Die Absätze 3 und 4 befassen sich mit der nationalsozialistischen Herrschaft und deren Unterstützung durch billigen, leugnen, verharmlosen oder rechtfertigen dieser. 

Billigen bedeutet die Zustimmung bzw. das Gutheissen von NS-Taten, aber auch eine Einstufung der nationalsozialistischen Handlungen als unvermeidlich. Ein konkludentes Billigen ist ausreichend. 

            Zum Beispiel: Positive Werturteile zu den Gewalttaten des NS Regimes. 


Verherrlichen bedeutet, die positive Darstellung oder positive Akzentuierung der NS-Taten. 

Zum Beispiel: Anpreisung einer für die Gewalt des NS Regimes stehenden Person. 

Eine Glorifizierung direkt ist dabei nicht erforderlich. 


Leugnen meint allgemein – wie auch umgangssprachlich so genutzt – das Abstreiten von nachgewiesenen NS Taten. Umfasst wird das Bestreiten, das Inabredestellen oder das Verneinen einer durch das NS Regime nachweislich begangenen Völkerstraftat.

Zum Beispiel: Betiteln der nachgewiesenen Vernichtung von Juden im Konzentrationslager als „Ausschwitzlüge“.


Eine Rechtfertigung ist z.B. anzunehmen, wenn die von den Nazis begangenen Menschenrechtsverletzungen als notwendige Maßnahmen ausgewiesen werden. 

Ein Verharmlosen ist anzunehmen, wenn ein Geschehen entweder in tatsächlicher Hinsicht heruntergespielt wird oder sein Unwertgehalt bagatellisiert oder relativiert wird. 

Eine Bagatellisierung oder Relativierung wird in der Regel darin bestehen, dass die Gewalt in dem konkreten Zusammenhang zu Unrecht als akzeptable oder wenigstens nicht verwerfliche Möglichkeit der Konfliktlösung hingestellt wird

Zum Beispiel: (quantitatives Verharmlosen) – „Es waren ja nur ein paar Juden und es sind ohnehin viele zu dieser Zeit gestorben“ oder auch qualitativ, z.B. dass der Massenmord „wohl nicht so schlimm gewesen sei“.

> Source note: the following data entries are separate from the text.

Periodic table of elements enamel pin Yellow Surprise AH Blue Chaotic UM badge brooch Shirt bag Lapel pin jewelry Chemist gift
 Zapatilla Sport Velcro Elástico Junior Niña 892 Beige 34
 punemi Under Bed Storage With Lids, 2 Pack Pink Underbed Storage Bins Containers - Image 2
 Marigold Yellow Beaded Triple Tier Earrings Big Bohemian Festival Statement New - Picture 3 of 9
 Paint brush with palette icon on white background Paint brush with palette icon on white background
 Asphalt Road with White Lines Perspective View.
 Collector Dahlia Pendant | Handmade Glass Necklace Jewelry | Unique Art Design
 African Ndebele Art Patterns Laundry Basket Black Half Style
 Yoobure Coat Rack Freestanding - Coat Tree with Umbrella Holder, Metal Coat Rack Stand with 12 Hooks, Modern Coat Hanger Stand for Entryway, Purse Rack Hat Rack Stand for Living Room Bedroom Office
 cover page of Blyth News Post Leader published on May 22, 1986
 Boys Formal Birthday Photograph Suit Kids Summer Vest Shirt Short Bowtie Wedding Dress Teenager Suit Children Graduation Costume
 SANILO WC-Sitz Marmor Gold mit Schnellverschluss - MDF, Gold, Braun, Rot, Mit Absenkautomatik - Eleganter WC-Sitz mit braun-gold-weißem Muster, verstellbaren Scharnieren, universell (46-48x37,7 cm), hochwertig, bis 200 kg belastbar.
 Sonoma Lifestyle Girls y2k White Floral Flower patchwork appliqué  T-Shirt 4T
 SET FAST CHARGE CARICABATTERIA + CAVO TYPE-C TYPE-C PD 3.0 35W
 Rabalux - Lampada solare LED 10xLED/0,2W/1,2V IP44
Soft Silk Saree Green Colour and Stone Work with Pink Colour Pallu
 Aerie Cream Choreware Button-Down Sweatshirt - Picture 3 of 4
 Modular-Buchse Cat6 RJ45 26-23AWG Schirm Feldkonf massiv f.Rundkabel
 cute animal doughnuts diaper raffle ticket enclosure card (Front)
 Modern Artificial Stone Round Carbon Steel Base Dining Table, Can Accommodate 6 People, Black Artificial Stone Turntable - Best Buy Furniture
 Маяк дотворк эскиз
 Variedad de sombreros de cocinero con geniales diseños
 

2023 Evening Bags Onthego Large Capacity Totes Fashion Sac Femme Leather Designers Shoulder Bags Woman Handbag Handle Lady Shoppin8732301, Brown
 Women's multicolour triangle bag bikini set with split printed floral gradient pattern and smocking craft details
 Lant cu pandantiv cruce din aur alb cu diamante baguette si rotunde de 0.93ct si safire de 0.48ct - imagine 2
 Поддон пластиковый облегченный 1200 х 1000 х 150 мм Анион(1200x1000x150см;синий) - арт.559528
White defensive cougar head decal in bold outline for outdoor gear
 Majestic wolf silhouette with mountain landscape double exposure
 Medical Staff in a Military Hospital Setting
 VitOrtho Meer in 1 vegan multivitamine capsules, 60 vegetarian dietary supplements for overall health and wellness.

Merke aber: Eine Verurteilung wegen Volksverhetzung nach § 130 Abs. 3 StGB setzt hinreichende Feststellungen zur Zielsetzung der Äußerung voraus. Dies bietet mitunter auch der Verteidigung eine Angriffsfläche. Aus diesem Grund sollten Sie bei dem Vorwurf einer solchen Tat umgehend von Ihrem Aussageverweigerungsrecht Gebrauch machen und sich professionelle Hilfe eines Anwalts für Strafrecht holen.


Wann ist eine Handlung dazu geeignet, den öffentlichen Frieden zu stören?

All diese Tathandlungen müssen geeignet sein, den öffentlichen Frieden zu stören.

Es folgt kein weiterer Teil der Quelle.